Non à un autre centre de foires

Le gouvernement du Québec fait face à des pressions pour subventionner la construction d’un nouveau centre de foires à Montréal. Les données disponibles suggèrent que la ville a perdu plusieurs foires depuis la fin des années 1990. Cependant, une étude toute récente de Heywood Sanders, réalisée pour le compte de la Brookings Institution, montre que le même phénomène s’est produit au États-Unis.

Alors que la superficie des centres de foires a augmenté, la demande des organisateurs a diminué. C’est le cas notamment à Chicago, à New York, à la Nouvelle-Orléans, à Orlando et à Las Vegas. Cette baisse a eu lieu malgré l’expansion de leurs capacités d’accueil liée, notamment, à la création de nouveaux centres de foires.Les raisons de ce phénomène semblent découler de plusieurs facteurs, dont le fait que l’information peut maintenant circuler à moindre coût (on pense notamment à Internet) et à la réduction des voyages d’affaires. En fait, beaucoup de centres de congrès et de foires en Amérique du Nord accusent des pertes.

Les projets de nouveau centres des foires de Montréal qui sont considérés suggèrent un immeuble d’une superficie entre 550 000 et 750 000 pi2, dont la seule construction coûterait entre 1 et 1,5 milliard de dollars. Pourquoi forcer les contribuables à risquer leur argent dans cette escapade ? Il semble prudent de ne pas s’embarquer dans ce genre d’aventure.

De plus, il faut rappeler qu’il existe déjà à Montréal un centre de foires privé, la Place Bonaventure, qui offre plus de 400 000 pi2 d’espace. Le Palais des Congrès, une société d’État, dispose de plus de 300 000 pi2 pour accueillir les foires. Le Stade olympique, dans son état actuel, offre quelque 200 000 pi2.

Un nouveau centre de foires concurrencerait les équipements existants, qui ne fonctionnent déjà pas à pleine capacité. Il fausserait le jeu parce qu’il requerrait un financement de l’État.

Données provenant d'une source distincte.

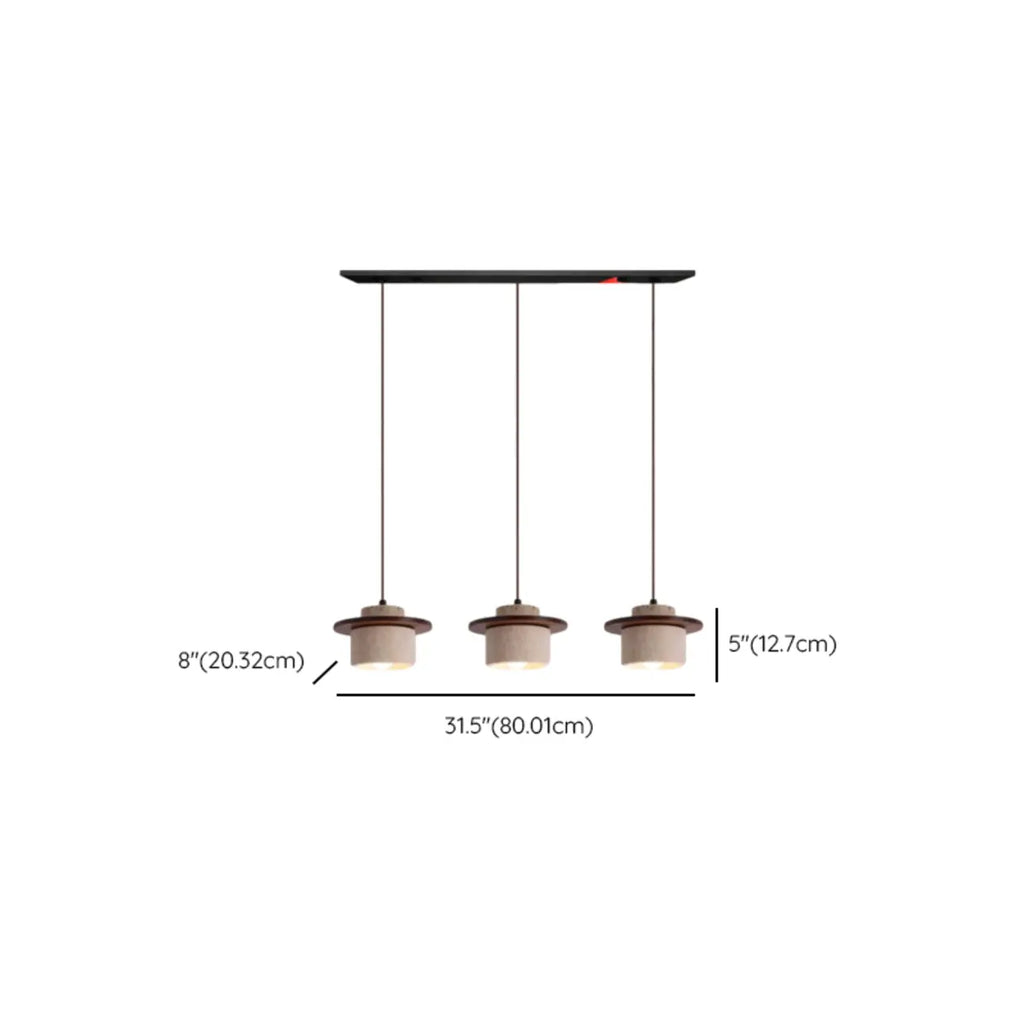 Modern 3-Light Walnut Wood Stone Cylinder Pendant Lamp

Il forcerait ainsi les contribuables à devenir investisseurs dans une deuxième entreprise publique du genre à Montréal.

En fait, si les investisseurs privés jugeaient qu’une demande solvable existe dans le marché, un nouveau centre de foires privé s’installerait ou le centre privé actuel augmenterait sa capacité. Puisque les investisseurs privés ne se bousculent pas au portillon et que tous les projets d’un nouveau centre de foires exigeraient une part de financement public, il faut croire que le projet n’est pas pertinent sur le plan économique.

Seule une interaction libre et normale de l’offre et la demande peut déterminer l’espace optimal pour des centres de foires ou d’expositions à Montréal. Les planificateurs bureaucratiques se trompent régulièrement et, qui plus est, lorsqu’ils se trompent, ils ne financent pas leurs erreurs avec leur propre argent!

À cette analyse économique, certains opposent l’argument des retombées: une augmentation de l’offre d’espace pour les foires, à supposer que la demande suive, profiterait aux hôteliers, aux restaurateurs et aux autres fournisseurs locaux. Mais cet argument néglige les retombées négatives de l’argent que les contribuables n’auraient plus dans leur poche pour leur propre consommation ou leurs projets d’investissement. Sans parler de la concurrence déloyale engendrée à l’encontre des entreprises privées oeuvrant déjà à Montréal dans ce domaine.

Michel Kelly Gagnon est président de l’Institut économique de Montréal.